Write out, from the entries below, exactly the lines that run between the lines holding "Blue Mailbox Country" and "JARDINIERE ANCIENNE FLEURS ÉMAILLÉES", inclusive, and stop there.

####

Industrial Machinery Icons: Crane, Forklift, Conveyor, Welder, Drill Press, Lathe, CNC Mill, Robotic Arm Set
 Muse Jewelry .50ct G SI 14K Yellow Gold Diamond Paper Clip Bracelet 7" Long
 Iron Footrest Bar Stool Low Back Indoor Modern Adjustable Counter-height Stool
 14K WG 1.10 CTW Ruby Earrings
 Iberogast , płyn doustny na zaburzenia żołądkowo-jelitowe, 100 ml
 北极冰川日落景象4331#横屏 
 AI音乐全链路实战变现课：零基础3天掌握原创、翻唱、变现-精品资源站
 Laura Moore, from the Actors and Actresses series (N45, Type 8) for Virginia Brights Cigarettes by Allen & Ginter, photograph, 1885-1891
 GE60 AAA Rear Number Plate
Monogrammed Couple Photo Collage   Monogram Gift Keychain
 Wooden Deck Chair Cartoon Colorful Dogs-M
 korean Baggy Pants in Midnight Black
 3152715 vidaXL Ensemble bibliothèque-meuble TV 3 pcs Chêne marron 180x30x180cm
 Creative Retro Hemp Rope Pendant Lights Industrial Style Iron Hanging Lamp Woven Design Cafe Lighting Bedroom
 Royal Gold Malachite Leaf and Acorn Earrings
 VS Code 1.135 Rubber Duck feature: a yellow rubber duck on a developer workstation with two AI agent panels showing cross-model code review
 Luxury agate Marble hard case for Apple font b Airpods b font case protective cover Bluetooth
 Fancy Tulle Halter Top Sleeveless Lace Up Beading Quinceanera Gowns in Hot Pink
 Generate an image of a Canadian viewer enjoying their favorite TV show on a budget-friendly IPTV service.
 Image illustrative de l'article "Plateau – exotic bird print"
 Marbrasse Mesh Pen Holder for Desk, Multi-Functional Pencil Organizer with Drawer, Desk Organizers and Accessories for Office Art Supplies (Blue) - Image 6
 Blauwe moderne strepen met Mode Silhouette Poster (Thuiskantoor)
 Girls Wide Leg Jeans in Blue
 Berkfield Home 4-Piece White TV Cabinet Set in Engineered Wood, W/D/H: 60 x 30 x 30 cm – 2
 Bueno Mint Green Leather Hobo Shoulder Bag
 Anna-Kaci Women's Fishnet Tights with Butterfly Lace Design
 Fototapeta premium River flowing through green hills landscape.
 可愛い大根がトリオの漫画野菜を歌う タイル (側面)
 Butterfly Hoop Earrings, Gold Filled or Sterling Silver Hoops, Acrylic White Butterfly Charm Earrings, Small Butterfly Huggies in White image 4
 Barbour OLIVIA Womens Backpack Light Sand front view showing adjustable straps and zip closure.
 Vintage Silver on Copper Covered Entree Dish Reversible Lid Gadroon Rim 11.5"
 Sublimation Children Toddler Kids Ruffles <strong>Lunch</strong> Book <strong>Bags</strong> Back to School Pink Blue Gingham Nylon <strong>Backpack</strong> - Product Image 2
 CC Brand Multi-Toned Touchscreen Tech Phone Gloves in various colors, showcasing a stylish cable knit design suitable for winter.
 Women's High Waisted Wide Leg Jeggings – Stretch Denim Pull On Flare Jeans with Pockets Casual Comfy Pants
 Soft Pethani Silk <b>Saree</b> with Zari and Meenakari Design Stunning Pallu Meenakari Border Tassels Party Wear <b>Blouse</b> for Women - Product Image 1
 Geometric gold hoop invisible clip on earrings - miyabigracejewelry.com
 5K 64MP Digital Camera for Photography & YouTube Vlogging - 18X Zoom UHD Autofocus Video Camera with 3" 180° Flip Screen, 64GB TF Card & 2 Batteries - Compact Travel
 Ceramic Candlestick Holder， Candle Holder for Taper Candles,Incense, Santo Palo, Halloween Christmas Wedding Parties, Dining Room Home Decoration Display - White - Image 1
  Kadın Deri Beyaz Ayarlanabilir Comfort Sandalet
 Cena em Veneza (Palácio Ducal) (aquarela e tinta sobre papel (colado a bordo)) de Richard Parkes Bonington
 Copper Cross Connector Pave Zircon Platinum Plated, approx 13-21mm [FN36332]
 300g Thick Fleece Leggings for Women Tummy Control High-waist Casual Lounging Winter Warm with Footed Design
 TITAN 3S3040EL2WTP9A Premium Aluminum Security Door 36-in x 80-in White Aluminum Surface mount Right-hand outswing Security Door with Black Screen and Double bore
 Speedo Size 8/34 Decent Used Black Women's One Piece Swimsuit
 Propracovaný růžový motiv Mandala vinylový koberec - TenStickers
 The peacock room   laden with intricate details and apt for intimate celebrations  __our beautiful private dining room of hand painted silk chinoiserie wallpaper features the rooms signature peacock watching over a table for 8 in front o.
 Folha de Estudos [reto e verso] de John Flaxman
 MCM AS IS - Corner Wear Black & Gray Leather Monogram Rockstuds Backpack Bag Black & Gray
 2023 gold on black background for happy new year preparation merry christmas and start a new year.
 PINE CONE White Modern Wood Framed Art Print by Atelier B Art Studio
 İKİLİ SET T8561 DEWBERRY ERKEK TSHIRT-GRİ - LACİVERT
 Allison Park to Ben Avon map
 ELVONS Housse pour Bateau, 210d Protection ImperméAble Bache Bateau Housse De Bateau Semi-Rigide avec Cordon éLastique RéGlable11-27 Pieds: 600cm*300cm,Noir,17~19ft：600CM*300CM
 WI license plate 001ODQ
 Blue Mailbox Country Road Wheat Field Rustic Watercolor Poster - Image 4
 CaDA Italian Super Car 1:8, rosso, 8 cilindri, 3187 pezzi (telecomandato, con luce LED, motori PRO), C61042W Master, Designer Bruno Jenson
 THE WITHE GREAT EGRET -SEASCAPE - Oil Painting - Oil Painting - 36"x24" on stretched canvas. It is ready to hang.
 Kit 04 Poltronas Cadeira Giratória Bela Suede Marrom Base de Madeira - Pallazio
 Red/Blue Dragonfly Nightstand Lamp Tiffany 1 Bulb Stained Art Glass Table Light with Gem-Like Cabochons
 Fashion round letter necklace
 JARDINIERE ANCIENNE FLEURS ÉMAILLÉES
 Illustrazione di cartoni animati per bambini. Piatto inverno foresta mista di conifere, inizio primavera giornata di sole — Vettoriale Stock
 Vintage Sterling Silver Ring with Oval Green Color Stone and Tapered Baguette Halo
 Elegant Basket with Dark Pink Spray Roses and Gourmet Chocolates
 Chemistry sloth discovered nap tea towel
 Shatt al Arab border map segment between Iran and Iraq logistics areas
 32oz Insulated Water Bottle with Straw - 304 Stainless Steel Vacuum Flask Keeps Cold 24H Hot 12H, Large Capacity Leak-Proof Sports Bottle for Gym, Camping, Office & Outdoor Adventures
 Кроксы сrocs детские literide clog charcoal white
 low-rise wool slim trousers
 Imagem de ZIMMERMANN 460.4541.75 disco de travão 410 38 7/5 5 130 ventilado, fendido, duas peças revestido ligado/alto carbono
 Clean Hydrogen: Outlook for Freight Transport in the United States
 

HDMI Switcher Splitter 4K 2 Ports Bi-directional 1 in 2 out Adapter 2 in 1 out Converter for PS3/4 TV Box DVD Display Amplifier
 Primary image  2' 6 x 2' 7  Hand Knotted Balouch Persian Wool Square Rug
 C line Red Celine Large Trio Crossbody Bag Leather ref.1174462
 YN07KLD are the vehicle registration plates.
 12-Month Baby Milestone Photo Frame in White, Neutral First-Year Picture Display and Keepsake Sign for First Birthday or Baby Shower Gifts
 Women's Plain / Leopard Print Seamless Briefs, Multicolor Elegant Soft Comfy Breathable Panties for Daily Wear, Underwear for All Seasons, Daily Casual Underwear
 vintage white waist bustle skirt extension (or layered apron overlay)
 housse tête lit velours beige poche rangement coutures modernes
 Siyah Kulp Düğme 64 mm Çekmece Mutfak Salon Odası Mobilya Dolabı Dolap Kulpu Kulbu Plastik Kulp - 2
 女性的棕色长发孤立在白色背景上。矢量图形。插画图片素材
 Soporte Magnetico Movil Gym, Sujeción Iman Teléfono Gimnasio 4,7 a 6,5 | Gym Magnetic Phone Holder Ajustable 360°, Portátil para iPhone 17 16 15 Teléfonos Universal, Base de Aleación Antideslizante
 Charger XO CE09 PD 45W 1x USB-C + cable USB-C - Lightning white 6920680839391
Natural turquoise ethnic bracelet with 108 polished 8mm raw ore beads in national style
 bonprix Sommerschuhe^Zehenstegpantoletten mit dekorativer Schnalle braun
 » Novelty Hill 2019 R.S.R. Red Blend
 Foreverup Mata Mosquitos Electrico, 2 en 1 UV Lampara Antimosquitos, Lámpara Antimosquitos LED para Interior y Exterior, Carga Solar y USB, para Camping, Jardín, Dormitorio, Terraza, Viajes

####

Written response:
 Blue Mailbox Country Road Wheat Field Rustic Watercolor Poster - Image 4
 CaDA Italian Super Car 1:8, rosso, 8 cilindri, 3187 pezzi (telecomandato, con luce LED, motori PRO), C61042W Master, Designer Bruno Jenson
 THE WITHE GREAT EGRET -SEASCAPE - Oil Painting - Oil Painting - 36"x24" on stretched canvas. It is ready to hang.
 Kit 04 Poltronas Cadeira Giratória Bela Suede Marrom Base de Madeira - Pallazio
 Red/Blue Dragonfly Nightstand Lamp Tiffany 1 Bulb Stained Art Glass Table Light with Gem-Like Cabochons
 Fashion round letter necklace
 JARDINIERE ANCIENNE FLEURS ÉMAILLÉES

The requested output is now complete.